Re: Labels separate from localnames (Was: Best Practice for Renaming OWL Vocabulary Elements from Martin Hepp on 2011-04-22 (public-lod@w3.org from April 2011)

From: Martin Hepp <martin.hepp@ebusiness-unibw.org>
Date: Fri, 22 Apr 2011 13:36:58 +0200
To: antoine.zimmermann@insa-lyon.fr
Cc: public-lod@w3.org
Message-Id: <09F95BB0-DEB2-4EC3-A3CC-661082424CB4@ebusiness-unibw.org>
See replies inline ;-)
> Sorry to say this, but I think you are making a mistake. To say that the rdfs:label has to look like a variable name because it is for Web developers sounds to me like you are saying that the javadoc of a method should look like a piece of code because it is addressed to programmers. I refuse to believe that Web developers understand better pseudo code than natural language.

I will finally give in to use English spacing and capitalization for rdfs:labels in GoodRelations, e.g. use

   "Business entity"@en for gr:BusinessEntity etc.

But I will keep the cardinality recommendation in the rdfs:label of properties, e.g.

    serial number (0..*) for gr:serialNumber

and the class type information in ontological individuals, as in

    By bank transfer in advance (payment method) for gr:ByBankTransferInAdvance

The latter should definitely not irritate human consumers, for it provides context; the former is to my judgment the best way of indicating cardinality recommendations in OWL, since the OWL cardinality constructs don't cover what is needed, yet I have to be able to tell modelers the intended cardinality. It is not nonsensical, as you state, as many users of GR have confirmed.

> Moreover, Web clients most of the time display raw data (in a nice way) extracted from databases. For instance, a Wikipedia article displays a nice readable title, which is exactly the raw data that is found in a column of a database. Of course, you can decide that you won't use rdfs:label for human readable text and reserve another property for that (eg, dc:title), but you cannot decide how others will use your data and they may have a preference for the rdfs:label. As a matter of fact, rdfs:label is commonly used for showing people a nice readable piece of text in natural language.

I was stressing that SW apps that aim at real people will have to use sophisticated methods for choosing the proper label for data elements anyway; using the raw rdfs:label will not work for non geeks in most of the cases. Most ordinary people cannot process data, just information.
> 
> Now, let's imagine I have a "product browser" which aggregates information about products found on the Web, leveraging the GoodRelations vocabulary and possibly other vocabularies. It may display the products in a table and have a column for "product type", which displays the class of the product. There are chances that the client will display the rdfs:label of the class as the "product type", which in the case of GoodRelations would look sibylline to a casual reader, with camel-toed text and nonsensical information about arity.
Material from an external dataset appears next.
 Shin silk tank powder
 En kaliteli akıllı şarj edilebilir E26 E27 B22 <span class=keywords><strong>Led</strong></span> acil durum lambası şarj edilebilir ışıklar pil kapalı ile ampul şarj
Nobody except for very specialized analysts will ever want to use a product browser that presents raw RDF data.

> 
> Moreover, with such practice, how can you provide labels in multiple languages? Paymentmethod is not even an English word!
The choice of labels for information consumers cannot be solved by the creator of the vocabulary, because that depends on the context (e.g. audience) in which the results will be displayed. 
This is independent from the question of translations. A good ontology makes good (context-independent, lasting, cross-cultural) choices regarding the categories of things. The linguistic representation of these categories in specific context is a completely different story.


>> But since this class is so frequently used, I want to change it to
>> simply gr:Location while remaining as much of backward compatibility
>> as possible; that is the background of the pattern I suggested.
> 
> Ouch! I'm afraid amateur Linked Data producers who are searching for terms in a SemWeb search engine will find gr:Location very appropriate for *any* location. As a consequence, it will be inferred that all locations recorded in geonames are selling something! The Semantic Web will break and bring in its downfall the World Wide Web and the Internet, then the end of the world...
> 

First, it does not hurt for him or her to use gr:Location for that purpose - there is no contradiction; any place or area in the universe can be said to be an instance of gr:Location.
Second, I cannot solve the problem of 
- amateur linked data producers in general and
- the unsatisfying state of search technology for ontologies and ontology elements.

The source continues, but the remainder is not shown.